CONICET | Buscador de Institutos y Recursos Humanos

Background:Next-generation sequencing together with novel preclinical reports have led to an increasingly large amount of results published in the scientific literature. However, due to the huge amount of papers available, identifying novel treatments or predicting a drug response in, for example, cancer patients remains a laborious and challenging work. This task requires ?reading? a lot of documents for identifying just a small set of papers that have the proper relations between input keywords. There is an urgent need for computational methods that can automatically do this task.Results: Our method based on deep learning (DL) is capable of analyzing and interpreting papers in order to automatically extract relevant relations between specific biomedical keywords. It is an end-to-end DL model, trained with full documents and several keyword-pairs with binary labels, indicating whether there is or there is not a relation between them within each full text.

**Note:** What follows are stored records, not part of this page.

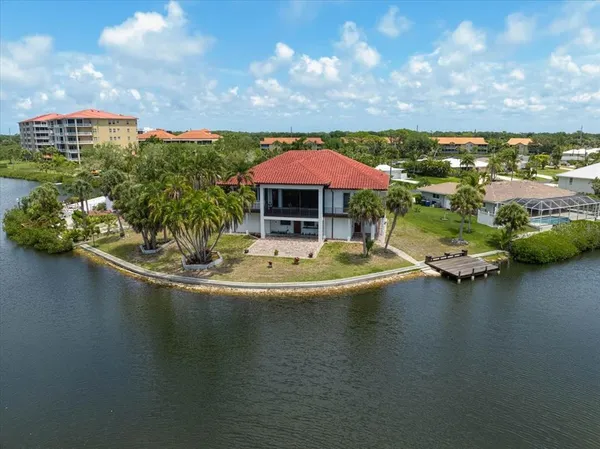 a view of a lake with houses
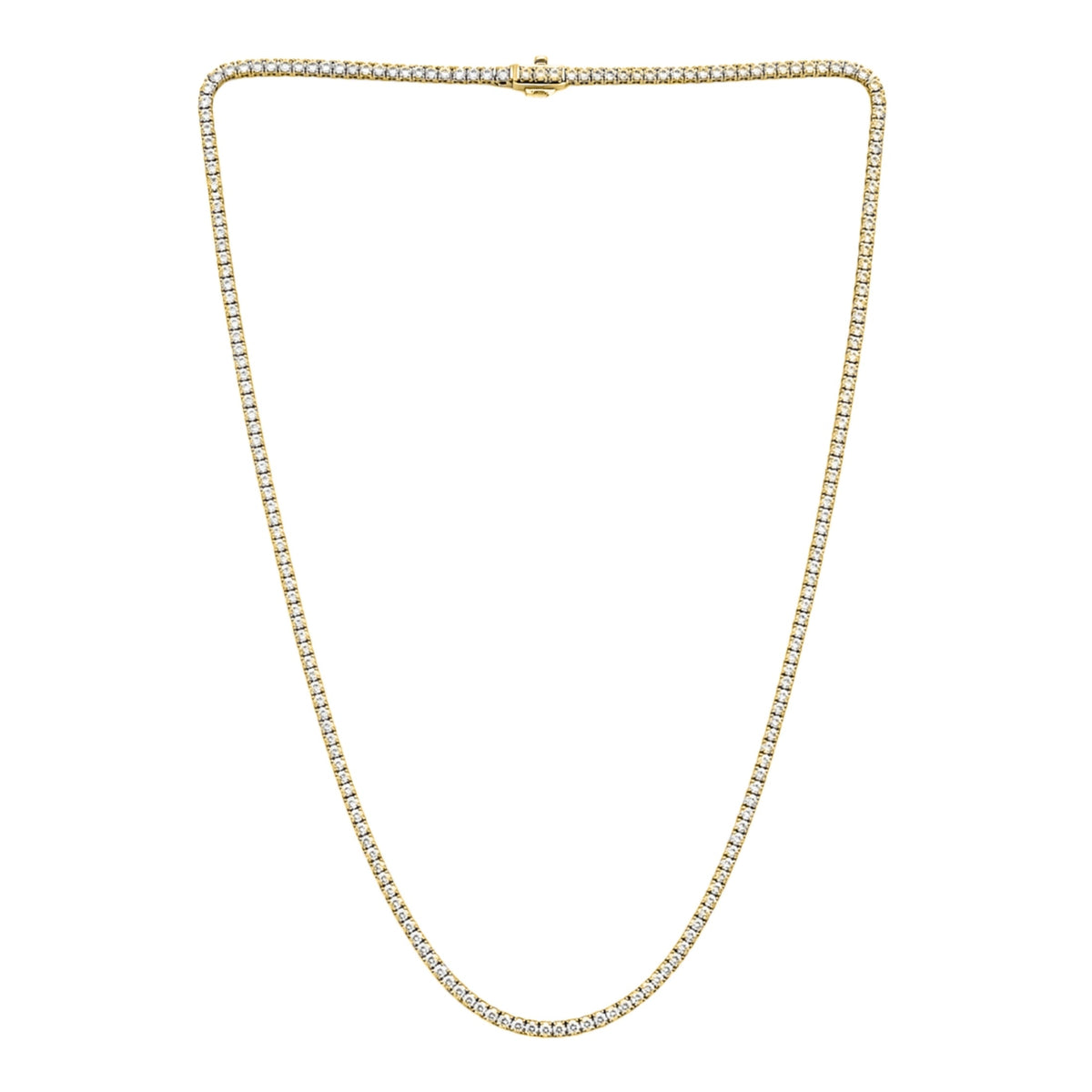 Lab-Grown Diamond Round Tennis Necklace in 14K White Gold or 14K Yellow Gold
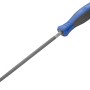 Lima da officina tonda LUX-TOOLS, 200 mm, con manico blu e nero. Ideale per la lavorazione dei metalli.
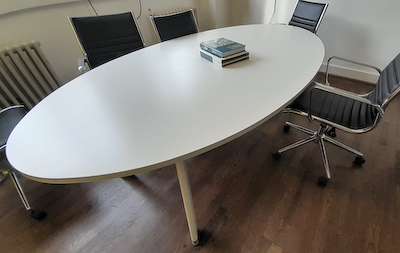 White oval meeting table 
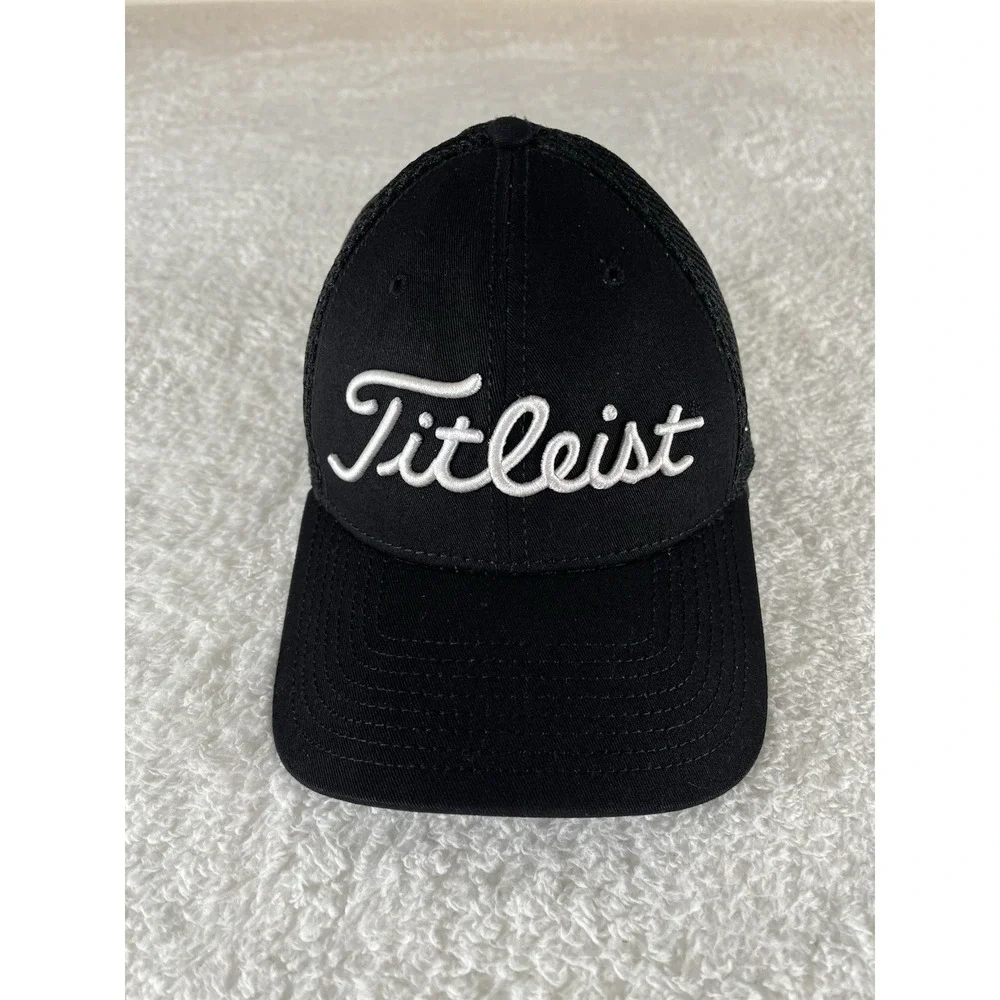 New Era Titleist Footjoy‎ Pro V1 Black Fitted Golf Hat Ball Cap Stretch M/L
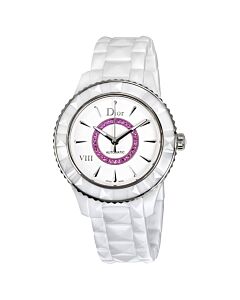 Women's Dior VIII Ceramic White with Pink Sapphires Dial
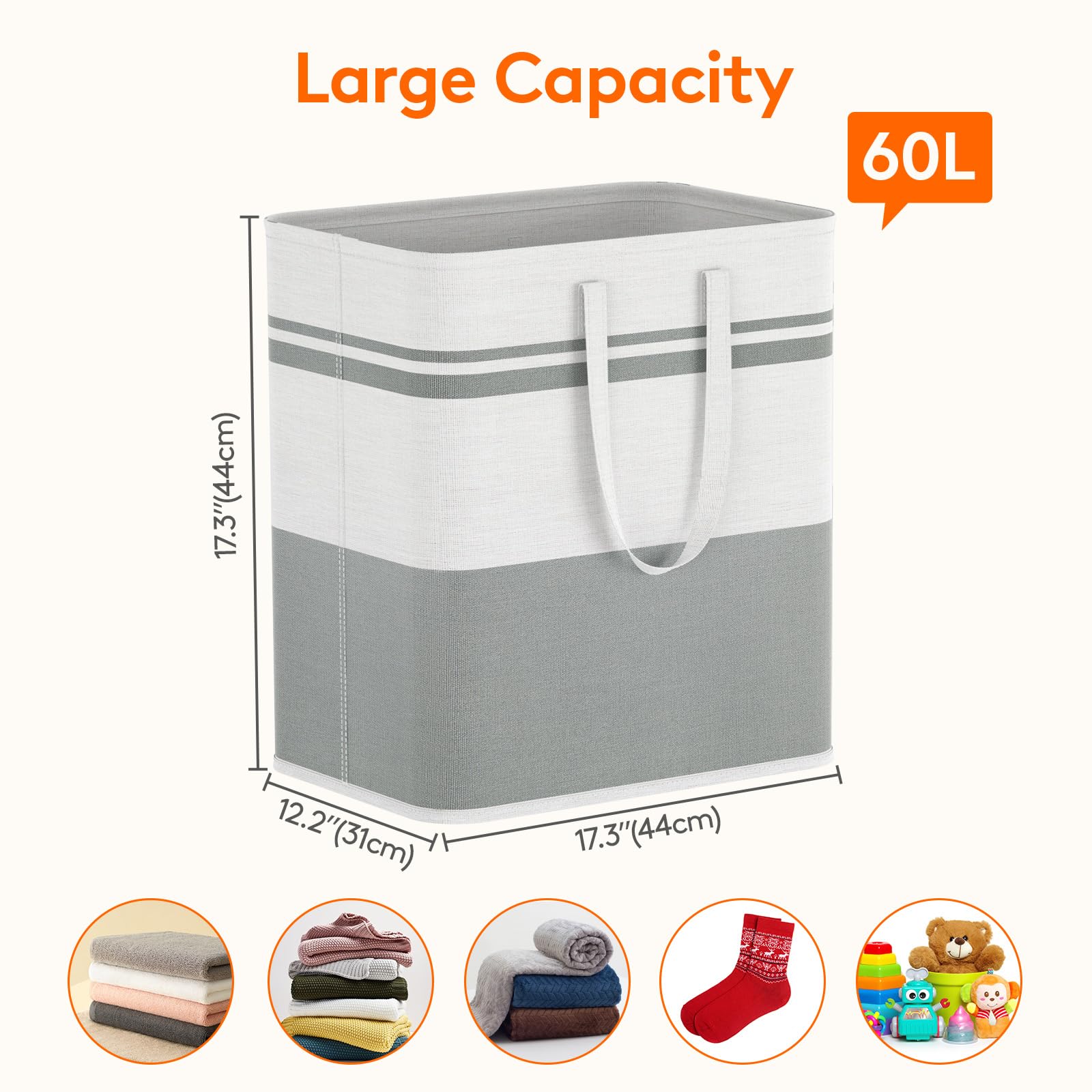 Lifewit 2 Pack 60L Large Freestanding Laundry Hamper, Collapsible Laundry Basket With Easy Carry Handles, Waterproof Tall Clothe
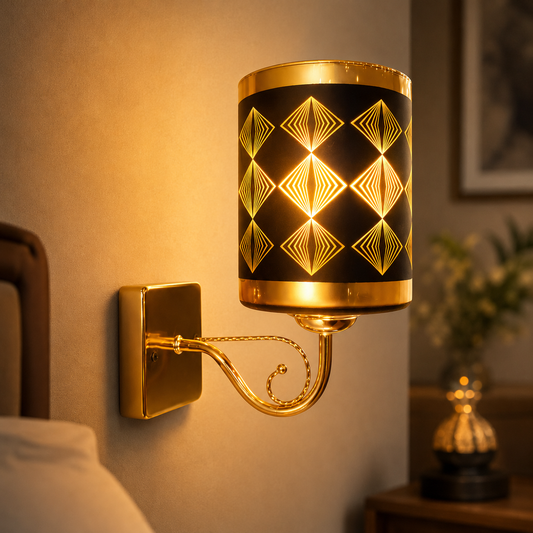 Decorative wall lamp with geometric pattern on a wall.
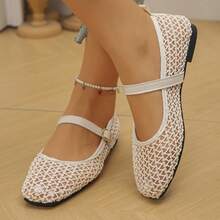 Wide Fit Women's Hollowed Out Mesh Buckle Flat Shoes Elegant Style Spring And Summer Daily Commuting Beige Ballet Flat Shoes Mesh Shoes Women - Beige Mesh Bottom - Beige Openwork Mesh - View 8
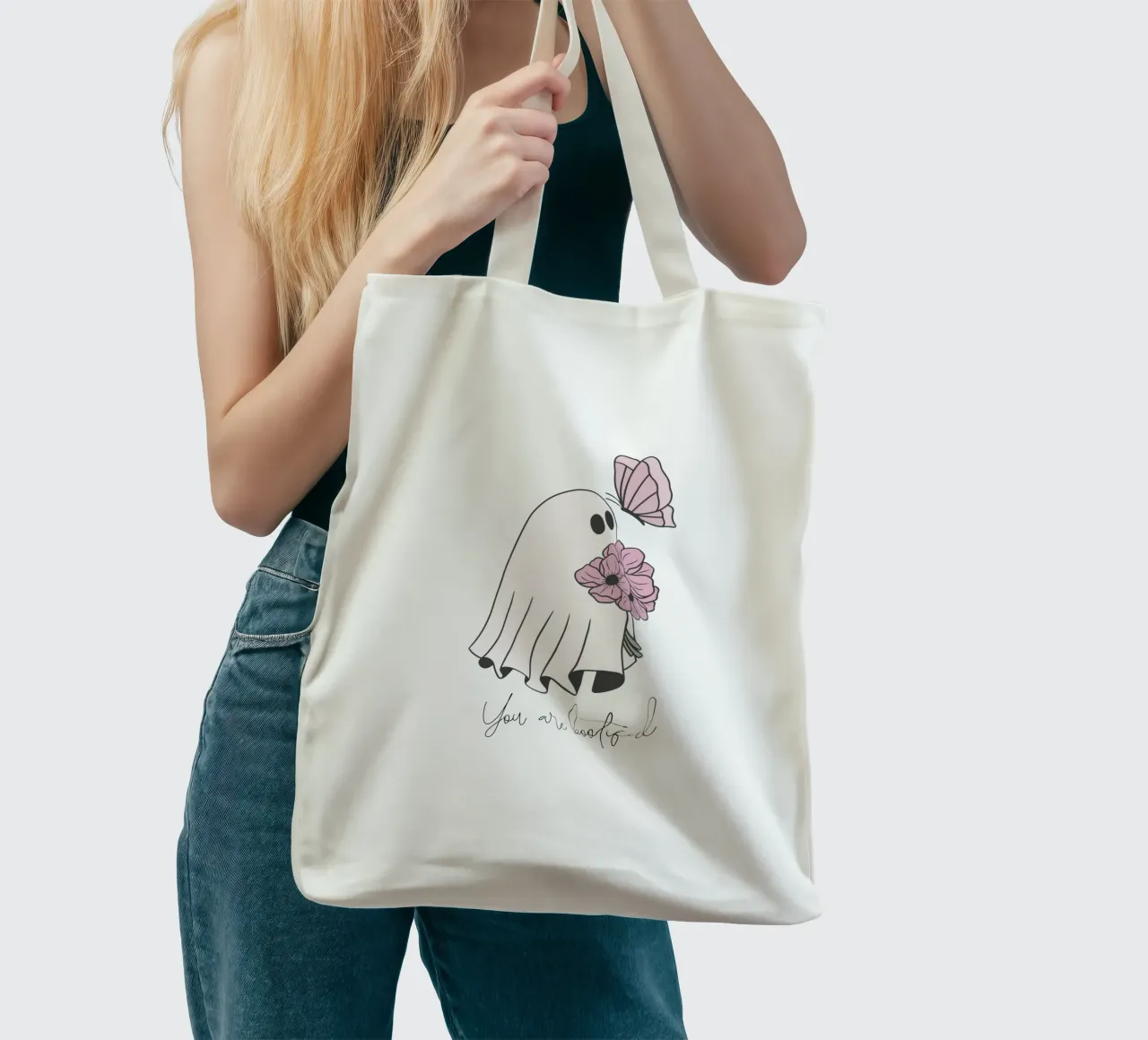 You are bootiful mit Schmetterling borsa in juta da ArtDesign by KBK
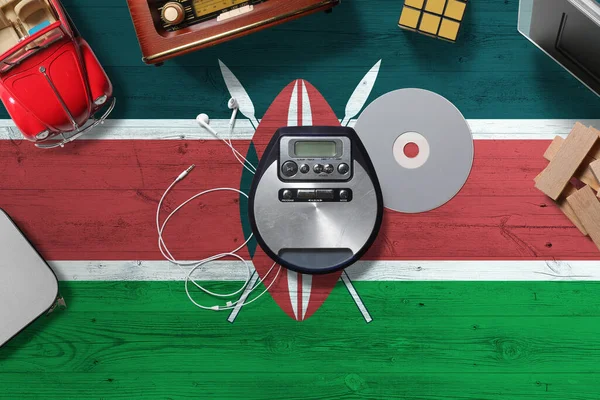 Bandera Kenia Escritorio Madera Con Concepto Medios Digitales Retro Tema — Foto de Stock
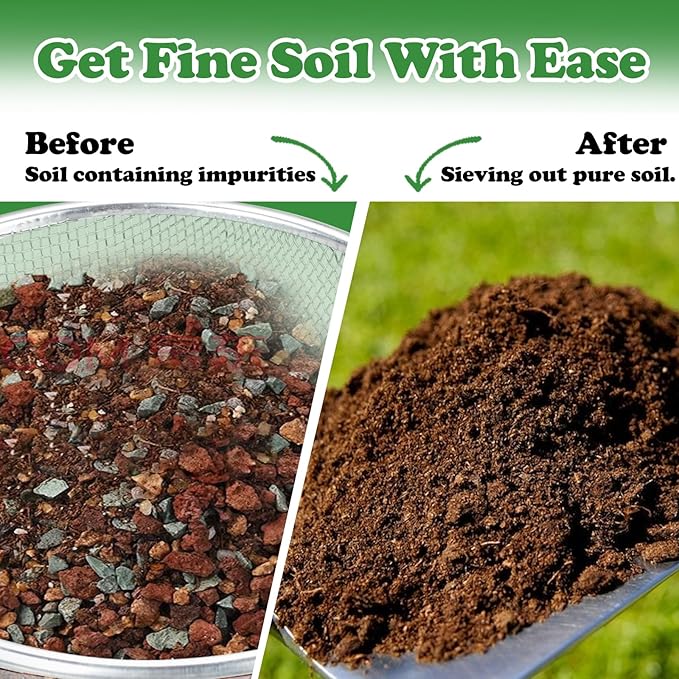 2Pcs Soil, Sand, and Compost Sifter for Gardening – Sieve for Rocks, Dirt, and Organic Material – Fits 5-Gallon Buckets(1/4In&3/8In Mesh)
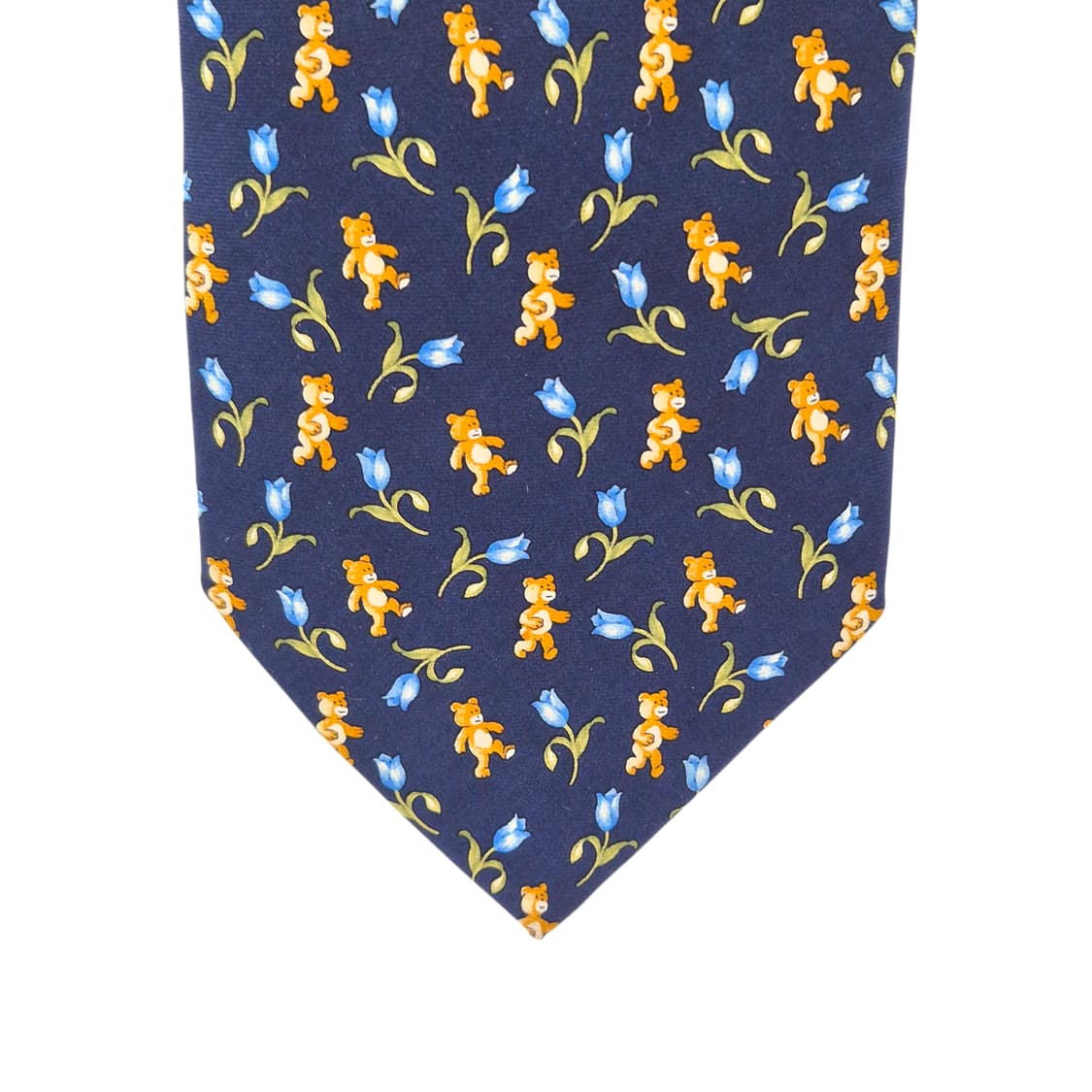 90s 프랑스 니나리치 테디베어 튤립 실크 넥타이 상품이미지5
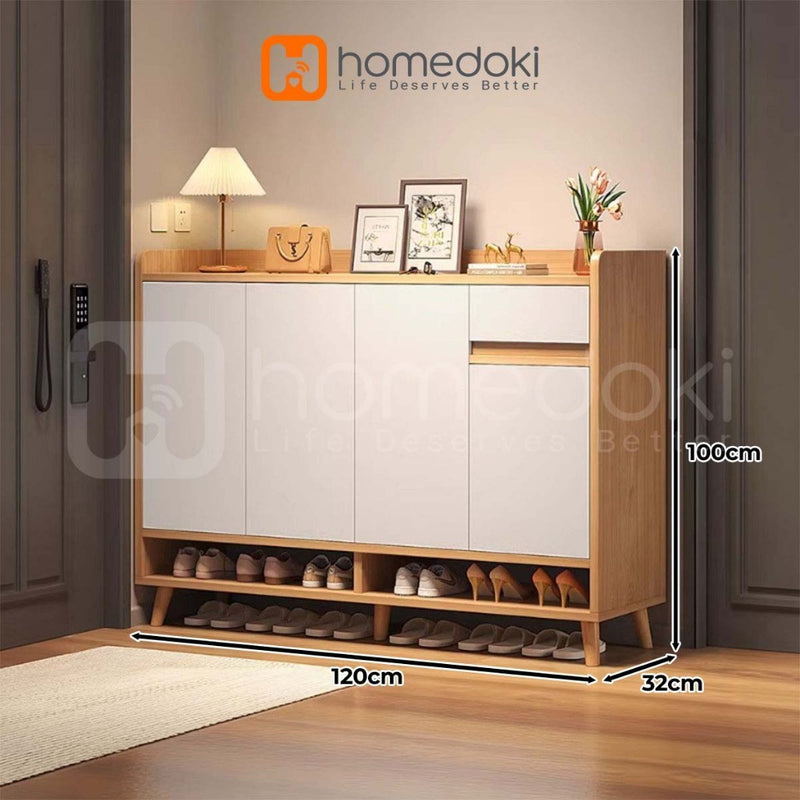 Homedoki Rak Sepatu Susun Tertutup/Rak Sepatu Aesthetic/Rak Sepatu Minimalis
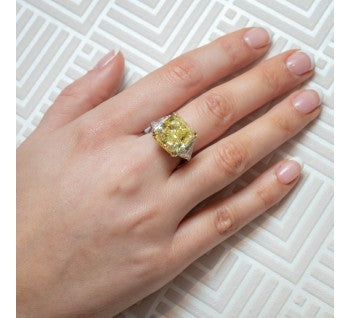 14.51ct Fancy Intense Yellow Diamond Ring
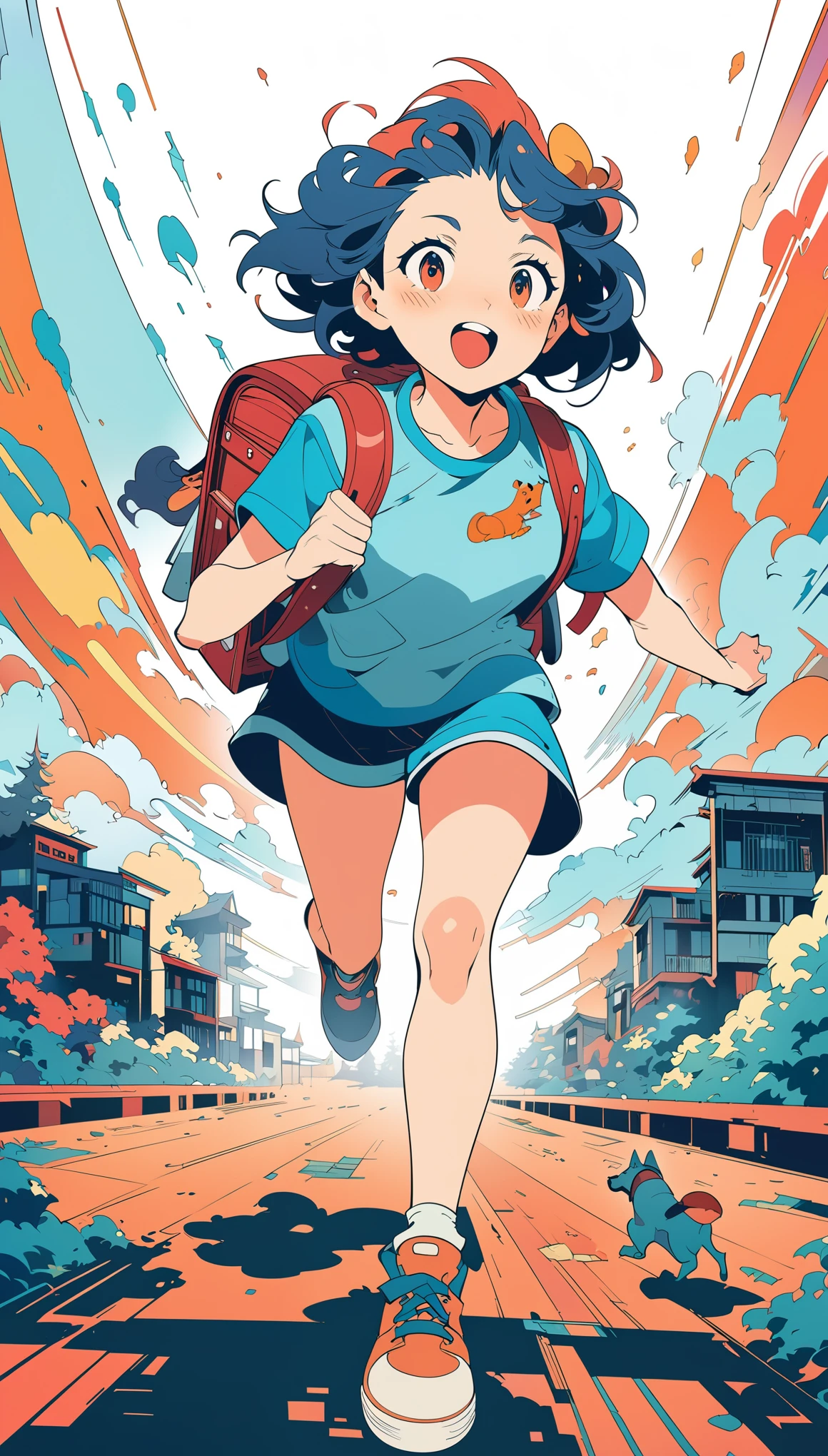 Cartoon illustration of a woman running with her dog and backpack, Colorful editorial illustrations, Colorful illustrations, Chuanghui Illustrations, A beautiful artistic illustration, fairy-tale illustration style, illustration style, digital illustration style, 2d illustration, 2d illustration, anime style illustration, animated illustration style, magazine illustration，Bottom view，perspective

Given the input keywords, the model outputs a prediction score for each paper in the corpus, with the probability that the input keywords are related in the text. For training the DL model, a corpus of documents is vectorized using a word embedding. In order to represent a complete text, all the word vectors are concatenated, together with a one-hot-encoding vector for the input entity-type information, which indicates to which of the possible biomedical entities each word belongs (gene, mutation or drug). The embeddings pass through convolutional layers, which compress the word embeddings, and then more convolutional layers grouped in identity blocks (residual and pooling layers) with ELU activations and batch normalization layers. The DL model has been evaluated using a manually curated (labeled) corpus including biomedical entities in oncology, with more than 100 full papers. The results of a 10-fold cross validation showed that our DL model has outperformed state-of the-art proposals achieving average F1 over 90%. Furthermore, the reliability of the output list of papers was measured, revealing that 100% of the first two documents retrieved for a particular search contain relevant relations. This means that our model can guarantee that the keywords relation can be effectively found in the top-2 papers of the ranked list. Furthermore, our method is capable of highlighting, within each paper, the specific fragments that have the associations of the input keywords (see Figure).